Closure of the Panama Seaway during the Pliocene: implications for climate and Northern Hemisphere glaciation

  • Daniel J. LuntEmail author
  • Paul J. Valdes
  • Alan Haywood
  • Ian C. Rutt


The “Panama Hypothesis” states that the gradual closure of the Panama Seaway, between 13 million years ago (13 Ma) and 2.6 Ma, led to decreased mixing of Atlantic and Pacific water Masses, the formation of North Atlantic Deep water and strengthening of the Atlantic thermohaline circulation, increased temperatures and evaporation in the North Atlantic, increased precipitation in Northern Hemisphere (NH) high latitudes, culminating in the intensification of Northern Hemisphere Glaciation (NHG) during the Pliocene, 3.2–2.7 Ma. Here we test this hypothesis using a fully coupled, fully dynamic ocean-atmosphere general circulation model (GCM) with boundary conditions specific to the Pliocene, and a high resolution dynamic ice sheet model. We carry out two GCM simulations with “closed” and “open” Panama Seaways, and use the simulated climatologies to force the ice sheet model. We find that the models support the “Panama Hypothesis” in as much as the closure of the seaway results in a more intense Atlantic thermohaline circulation, enhanced precipitation over Greenland and North America, and ultimately larger ice sheets. However, the volume difference between the ice sheets in the “closed” and “open” configurations is small, equivalent to about 5 cm of sea level. We conclude that although the closure of the Panama Seaway may have slightly enhanced or advanced the onset of NHG, it was not a major forcing mechanism. Future work must fully couple the ice sheet model and GCM, and investigate the role of orbital and CO2 effects in controlling NHG.
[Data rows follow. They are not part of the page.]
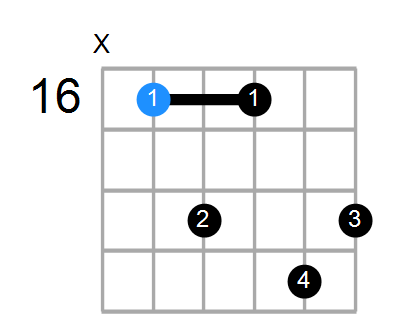 C#13sus4 Chord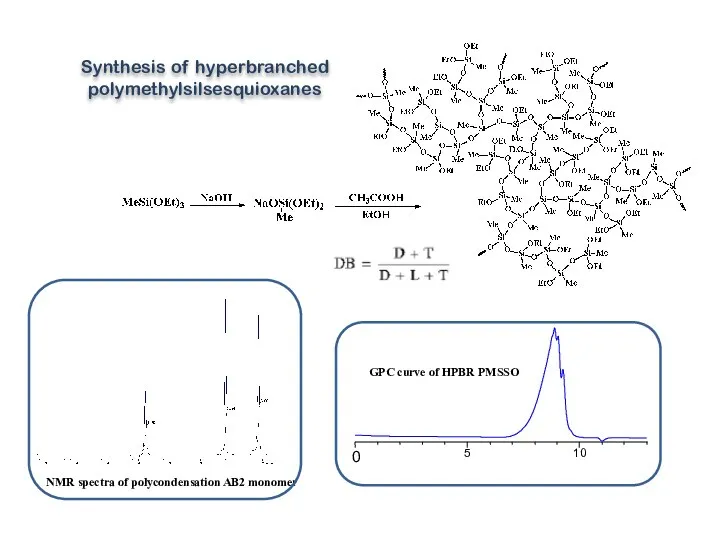 Synthesis of hyperbranched polymethylsilsesquioxanes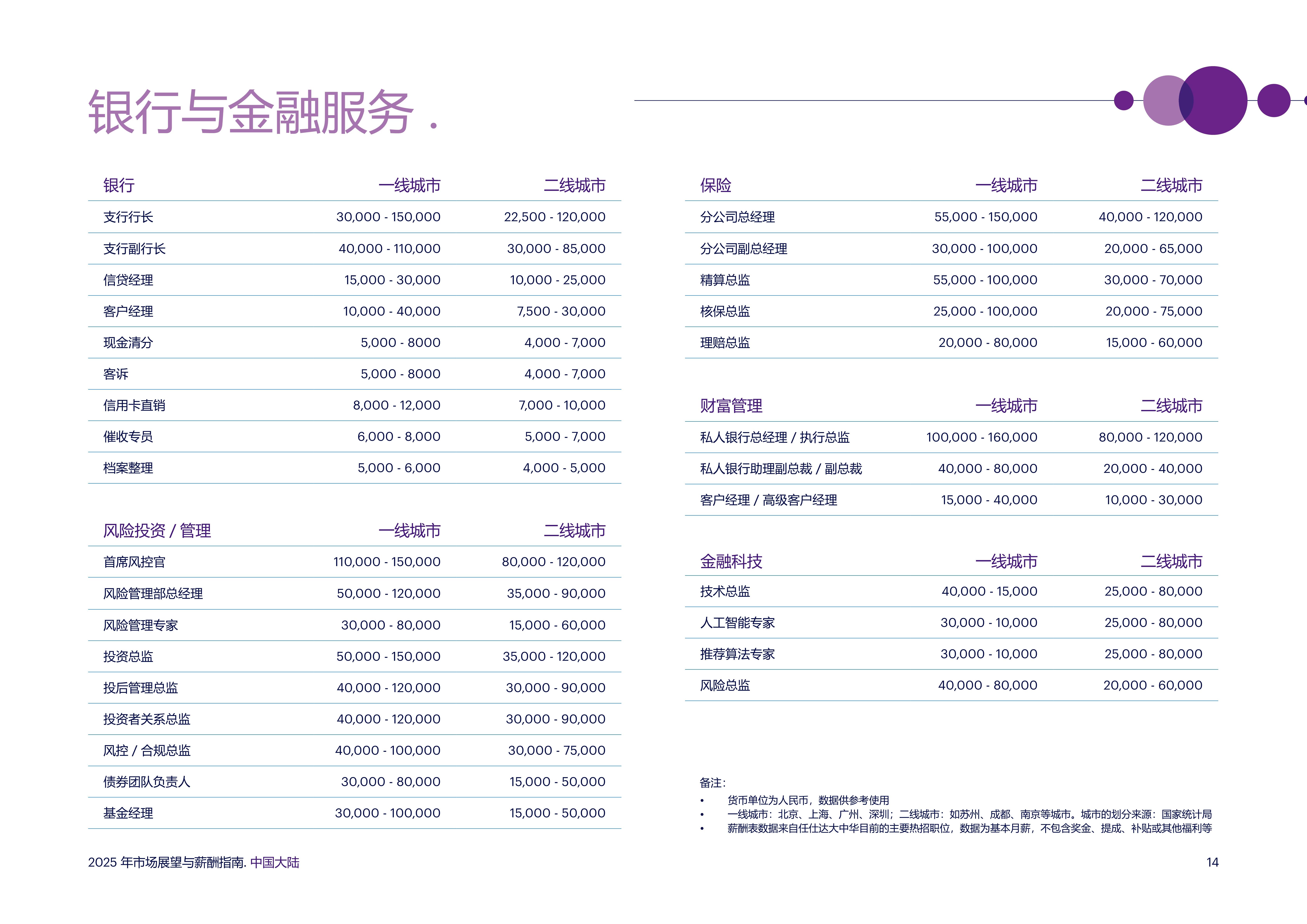 保险有温度,人保伴您前行_2025中国数字IC行业市场调查及未来发展前景分析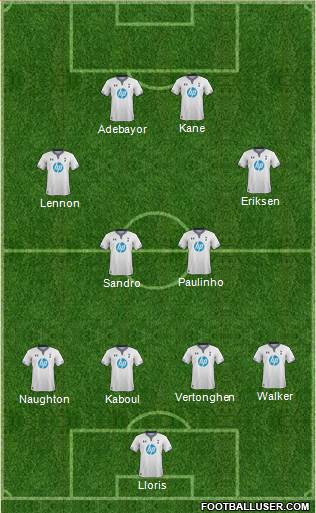 Tottenham Hotspur Formation 2014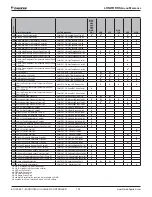 Preview for 100 page of Daikin MicroTech II Installation And Maintenance Manual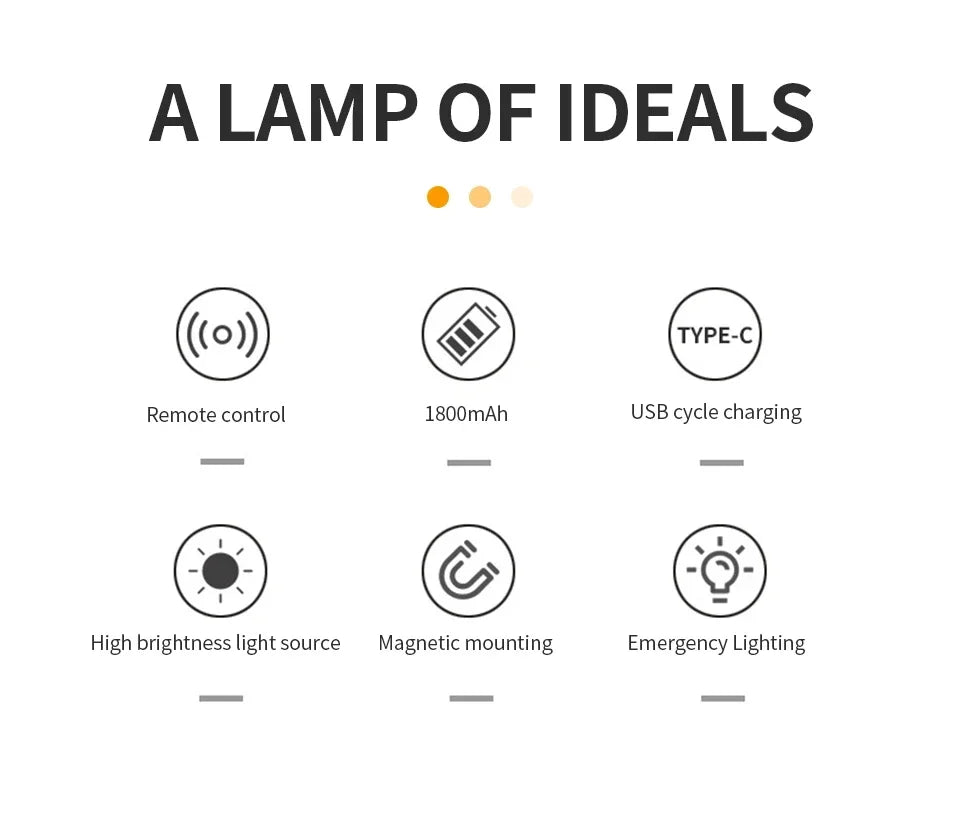 LED Wall Light Rechargeable Touch Double Head Wall Lamp 360° Rotation Wireless Remote Control LED Spotlight For Bedroom Lighting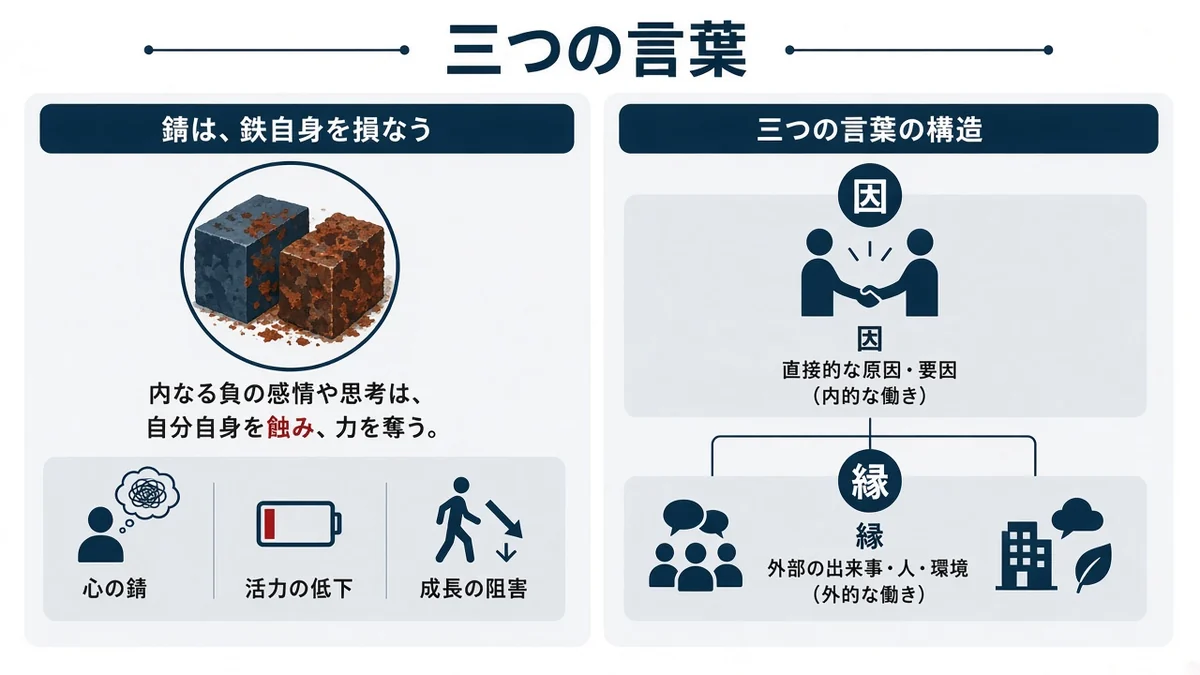三つの言葉と錆は、鉄自身を損なうの関係を示す図
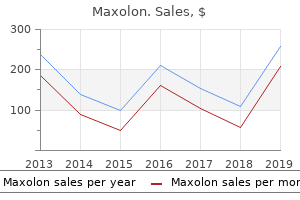 cheap 10mg maxolon amex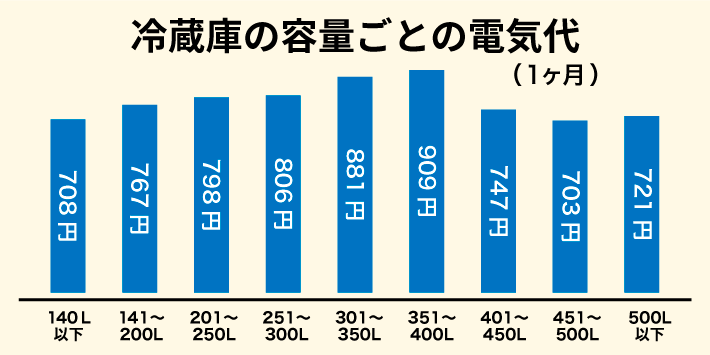 冷蔵庫の容量ごとの電気代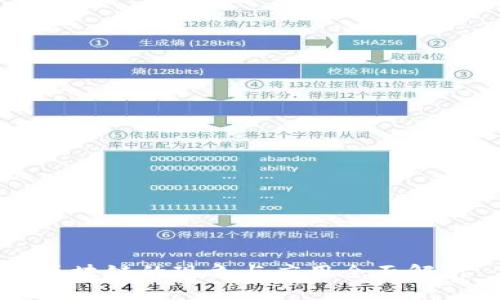 区块链的现象与应用全面解析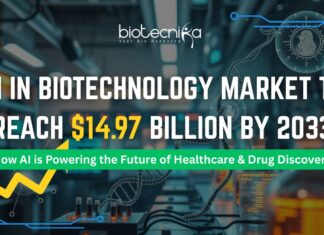 AI in Biotechnology: Transforming Drug Discovery and Personalized Medicine by 2033 AI in biotechnology transforming drug discovery and personalized medicine with data-driven innovation
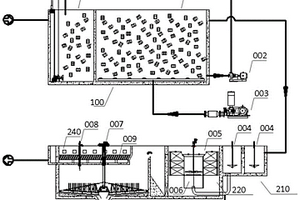 煤气化工业灰水的处理方法和处理系统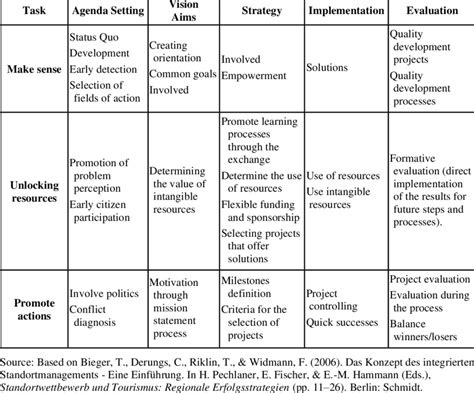 Local Development in Modeling 的图像结果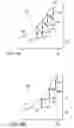 Fig. 16 - Systems and methods for air dehumidification and cooling with membrane water vapor rejection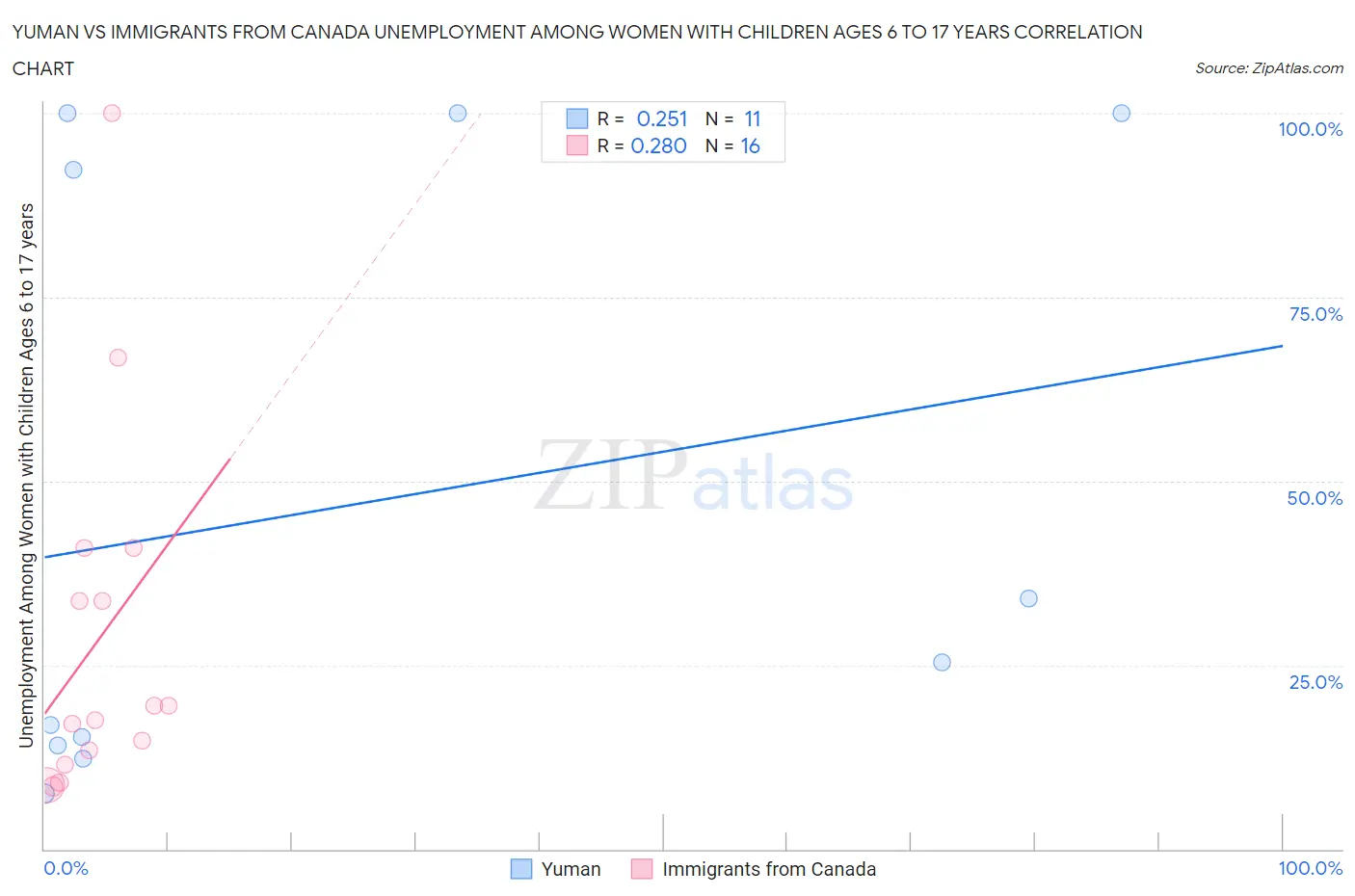 Yuman vs Immigrants from Canada Unemployment Among Women with Children Ages 6 to 17 years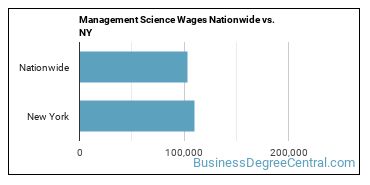 Management Science Wages Nationwide vs. NY
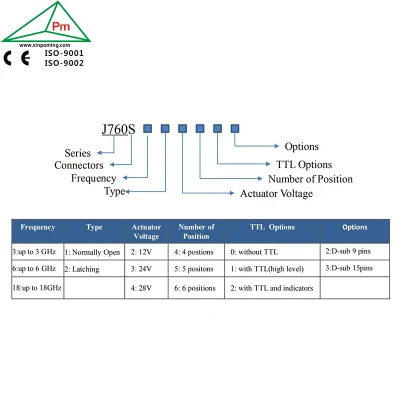 DC-18GHz Sp6t relé electromecánico RF conmutador coxial con conector tipo SMA bloqueo/a prueba de fallos TTL, tensión de actuador, pin opcional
Pliocene General Circulation Model General Circulation Model Simulation North Atlantic Deep Water Formation Northern Hemisphere Glaciation 
These keywords were added by machine and not by the authors. This process is experimental and the keywords may be updated as the learning algorithm improves.



This work was carried out in the framework of the British Antarctic Survey GEACEP (Greenhouse to ice-house: Evolution of the Antarctic Cryosphere And Palaeoenvironment) programme. We thank three anonymous reviewers for their useful comments. Thanks to Daniela Schmidt for useful discussions concerning the paleodata.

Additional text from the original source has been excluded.